On June 15 the U.S. Senate approved by a vote of 62 to 37 the McCain-Dodd Y2K immunity legislation (S.96), the Association of Trial Lawyers of America reports. Thirty-three Democrats and four Republicans voted against the bill, according to ATLA. The full vote tally can be accessed at

According to ATLA, the Clinton Administration has indicated it will veto S.96 in its current form or the even more draconian House version (H.R. 775).

According to ATLA, the Senate bill will now go back to the House, which can accept the Senate-passed bill and send it to the President or demand a conference committee to work out differences between the House and Senate versions and then send a "compromise" bill to the President.

ATLA reports that the measure would apply principally to business versus business, rather than consumer versus business, contract and tort actions. In Y2K cases ONLY, it would cap punitive damages, eliminate joint liability, federalize class actions, and establish delays and procedural hurdles for plaintiffs.

ATLA and other opponents of the legislation succeeded in preventing inclusion in the bill of any limitations on liability for personal physical injury and in assuring that the liability protection would sunset in three years.

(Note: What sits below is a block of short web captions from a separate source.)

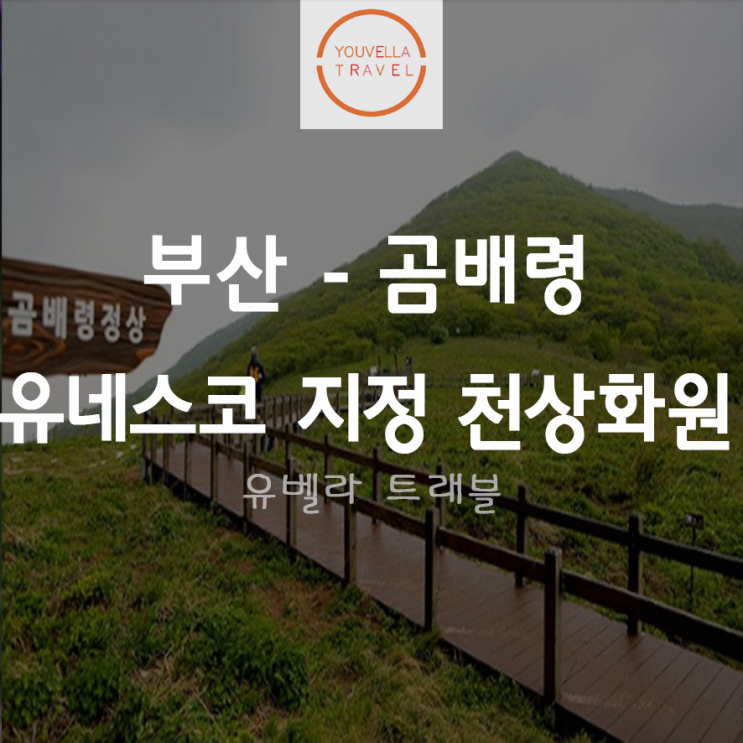 [부산출발] 유네스코 지정 강원도 곰배령 자작나무 숲 1박2일 패키지 여행 부산수송버스 포함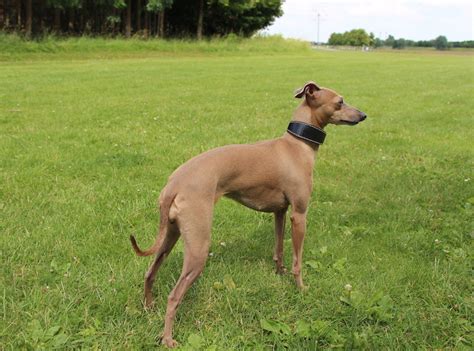 Weitere ideen zu italienisches windspiel, windspiele, windhunde. Italienische Windspiele - Hundeblog miDoggy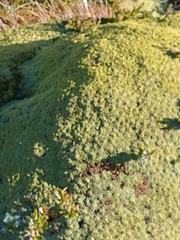Bolax gummifera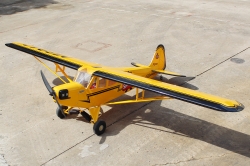 Piper J-3 Cub 2,24 SEA74N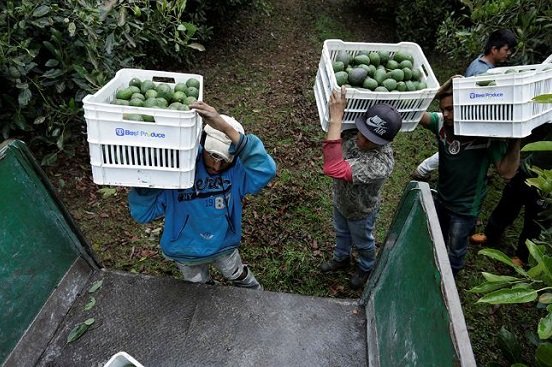 Dialogan EU y México para reanudar en Michoacán producción de aguacate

According to ATLA, the Senate vote, although troubling, should not be construed as erosion of the influence of consumers and trial lawyers, as high-tech industries have major facilities and many employees in a number of states represented by traditional friends of the civil justice system--some of whom voted for the bill because of the Administration's presumed veto of this dreadful public policy.

ATLA says it will closely monitor the conference committee to help assure that the legislation is not made worse still. And ATLA pledges to continue to work with the White House to make certain that the President exercises his veto of this special interest protection legislation.